3. How did the Spanish colonialists conquer the Philippines?

To subdue the Philippines, the Spanish colonialists employed the tactic of divide-and-conquer. Spanish colonialism took advantage of the absence of political unity among the barangays. The colonialists coopted certain datus and used them to conquer the others. Thus, even though there were only a few hundred Spanish soldiers used in the beginning, the colonialists succeeded in conquering most of the country.

The combination of the cross and the sword was used. By means of cooptation, the colonialists were able to make certain barangays embrace the Christian faith. Afterwards, the sword was used to suppress those who resisted.

The sultanates of Mindanao had an economic system and political unity which was higher than the barangays. The higher degree of political unity and readiness of the people there to fight frustrated Spanish aggression into the Muslim domain. The Spaniards were also not able to control effectively the mountainous peoples, such as the Igorots. The latter were able to use the mountainous terrain to defend their freedom against the Spanish colonialists.

4. How did the Spanish colonialists propagate feudalism throughout the Philippines?

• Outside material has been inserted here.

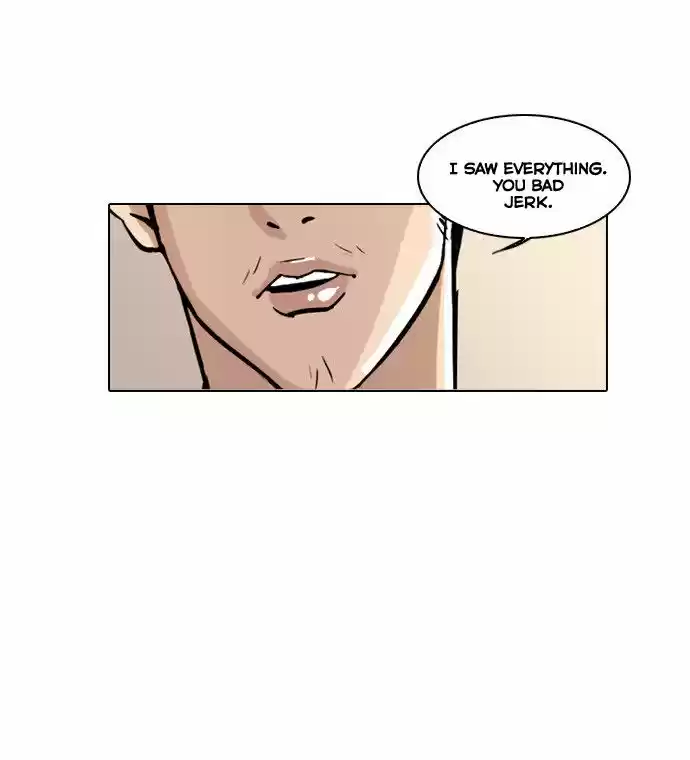Lookism 17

In over three hundred years of Spanish colonial rule, two principal means were carried out to propagate and consolidate feudalism in the Philippines. First was the encomienda system begun in 1570, and second was the hacienda system carried out in the latter half of the 18th century.

a. the encomienda system

Encomiendas were large tracts of land entrusted by the Spanish ruler to the officials and religious orders in the colony. These grants were given in recognition of services they had rendered the Spanish Crown in subjugating the Philippines. Encomiendas were formed from several conquered barangays put together, becoming larger economic and administrative units. Here, feudalism was carried out.

It was the objective and the responsibility of encomiendas to hasten the collection of taxes, to carry out polo (forced labor) and the indoctrination of the people with Christianity. The colonialists used Christianity in order to seize large tracts of land.

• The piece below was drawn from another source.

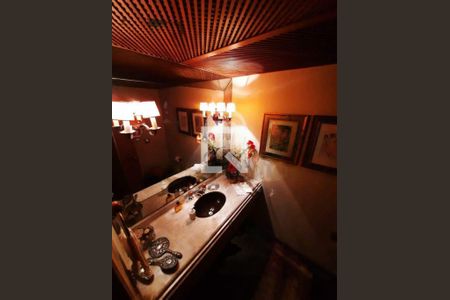 Casa à venda com 4 quartos, 898m² em Itanhangá, Rio de Janeiro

The colonialists seized lands which had long been cultivated. Farmers in these lands were made to pay land rent. All lands which were not being cultivated were placed in the ownership of the Spanish Crown. Farmers were forced to work in the fastness of forests in order to expand the lands owned by the colonialists. Even the erstwhile maharlikas were reduced to the status of serfs.

Encomiendas were disbanded in the 17th century. Provinces replaced them as the system of administration. This was done in order to tighten the implementation of the laws of Spain in land ownership and to lessen the antagonism between clerical and civil landlords. As a result, exploitation and landgrabbing intensified further. Even then, the private land ownership of the colonialists was already extensive.

b. the hacienda system

The Spanish colonialists expanded farm lands in order to sustain their food and other supply needs. The colonialists focused their attention on the Manila-Acapulco commerce.

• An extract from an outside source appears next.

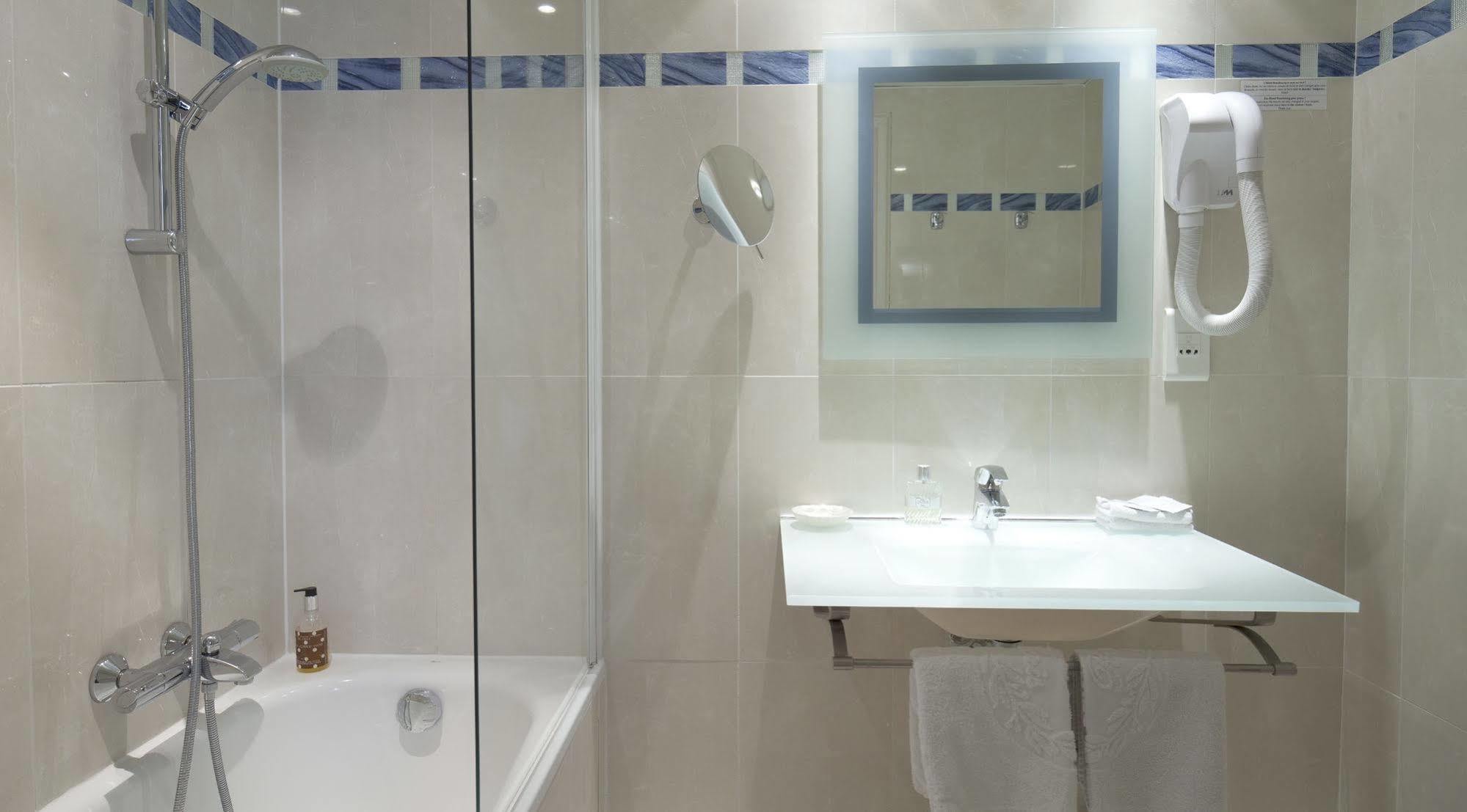 Beaubourg Hotel 3*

This trade concentrated on the export to Mexico of products made in China and other neighboring countries. This commerce started to become a losing proposition in the latter part of the 18th century as a result of competition from the products of factories in Europe and because of the raiding by English pirates of the ships plying the route between Manila and Acapulco.

It was under these conditions that the hacienda system was begun. Large-scale cultivation of crops to be exported to the capitalist countries in Europe was decreed. The planting of tobacco, abaca, indigo and others were made extensive. At the same time, Philippine ports were opened to the ships of the capitalist countries of Europe and the United States.

To hasten the transport of products from different parts of the archipelago, railways, new ports, new roads and a system of communication were set up.

Because of these developments, the implementation of forced labor grew more intense. The rounding up of large numbers of people to work in far-flung areas became more frequent.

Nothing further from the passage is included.